Why Bugatti only broke 300mph in one direction
Here’s the real reason the Chiron’s triple-ton run wasn’t certified by Guinness
The world of the speed record is not a level playing field. In fact, creating the car capable of breaking the barrier is merely half the battle. As soon as Bugatti announced the fact that it had broken 300mph yesterday, it was inevitable the internet would light up and be happy to point out that due to ‘the rules’, it’s not actually a record.
To be clear, the rules for setting a speed record according to Guinness are as follows. The car must achieve the speed in two directions on the same road within 60 minutes, with the average of the two speeds the result.
As you probably know by now, the Chiron only ran the speed in one direction. Bugatti says the main reason for this is that, after decades of cars pounding over Ehra-Lessien’s surface in the clockwise direction, the tarmac structure has rolled that way. Run it in the opposite direction, and you’re working against the grain, causing huge heat build up in the tyres (which ends badly). A two-lane highway doesn’t have this issue. But it also has no safety barriers, which presents another challenge.
The reality is that while being part of the VW group adds a might of engineering that’s unrivalled, it also comes with a weight of health and safety constraints more designed to deal with the development of a Golf than breaking a speed record in a Chiron. While I’m sure the team would like to head into the high desert and really take the cork out, the VW group simply won’t sanction it on safety grounds.
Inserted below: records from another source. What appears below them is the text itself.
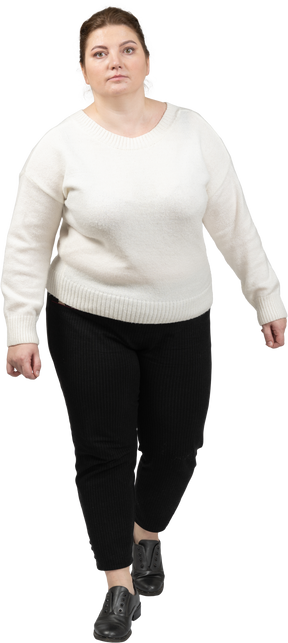 Front view of a plump woman in casual clothes walking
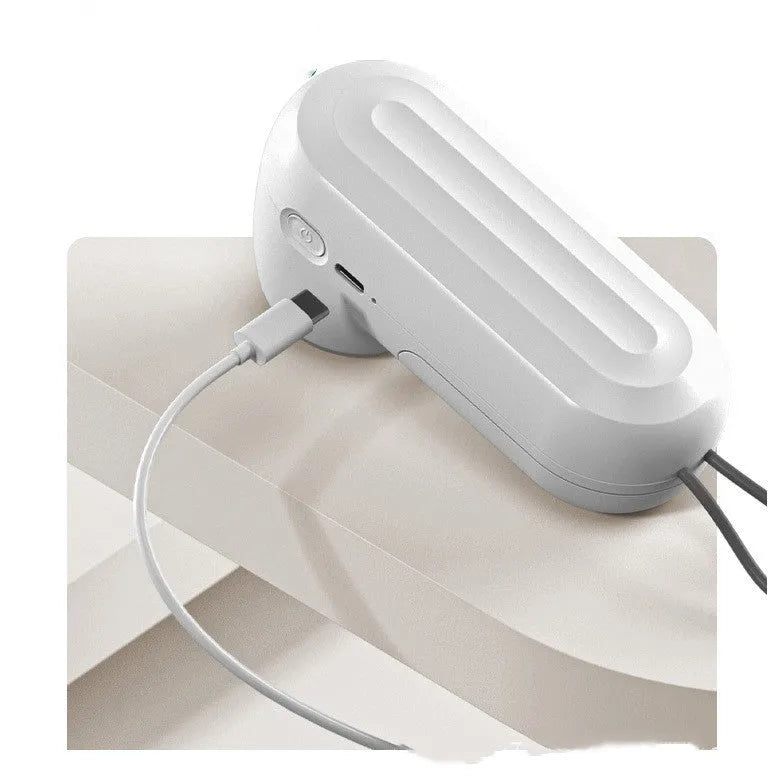 White ABS hand electric vacuum sealing machine with USB charging, compact size 54x63x132mm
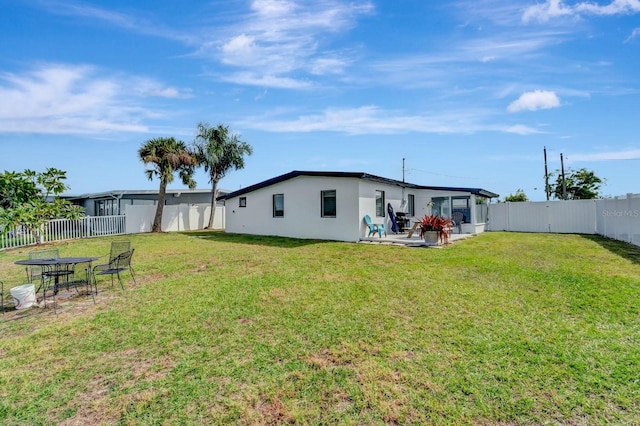 551 Lindley Ter, Port Charlotte, FL 33952 - back of house with stucco siding and a patio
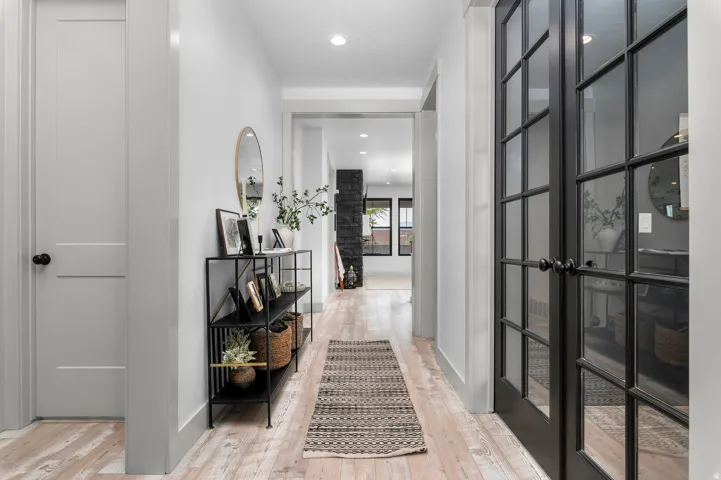 Wood-finish flooring throughout, complemented by recessed lighting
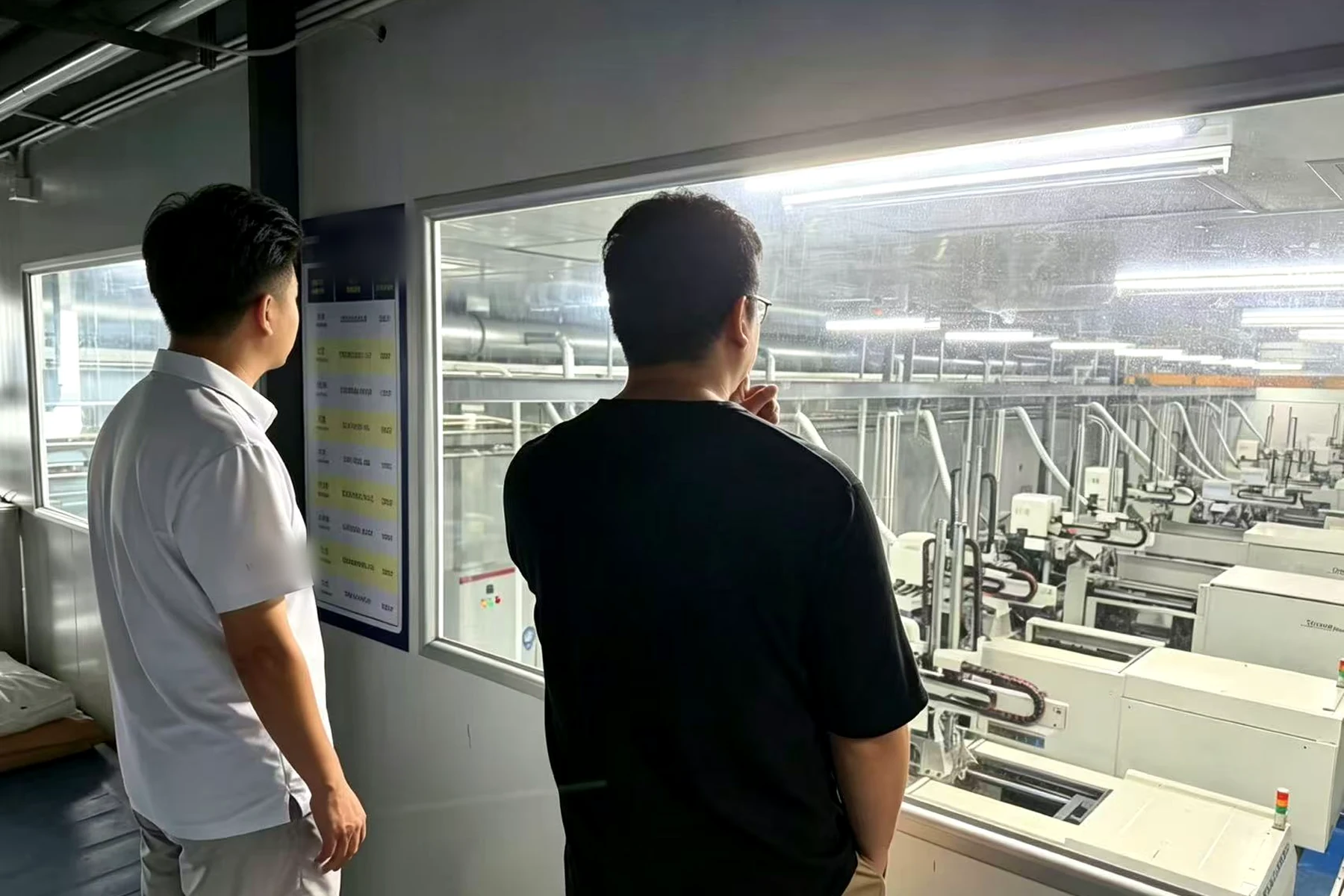 Vorexmed founder reviewing a controlled injection molding area with a manufacturing partner in China.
Where you choose to run your speed record is down to you, but the location of any attempt makes a huge difference. Koenigsegg set its 284.55mph vmax, 277.87mph two-way average speed at high altitude in Nevada. Higher altitude means thinner air and therefore less drag. Ehra is pretty much at sea level, so the air is about 10 per cent thicker. While many argue Ehra-Lessien presents a huge advantage, there’s the small issue of the banking. You will eventually run out of straight, and when you do, you can’t coast to the horizon like you can on your deserted highway. On the record run, Wallace had to scrub the speed in half a kilometre after he’d hit 304.7mph and get down to 125mph. Shedding more than half your velocity in a short order at the end of the run requires skill and a stable car.
The rules also don’t take into account the topography of the road you choose to run on, so find a road with a favourable downward dip and you’re all good, given drag is your greatest foe at vmax. Ehra is irritatingly, Germanically flat, so no one can claim Bugatti had an advantage there.
What we need to end this argument once and for all is to gather all the contenders in one neutral location and stand well back. Now, who’d like to see that?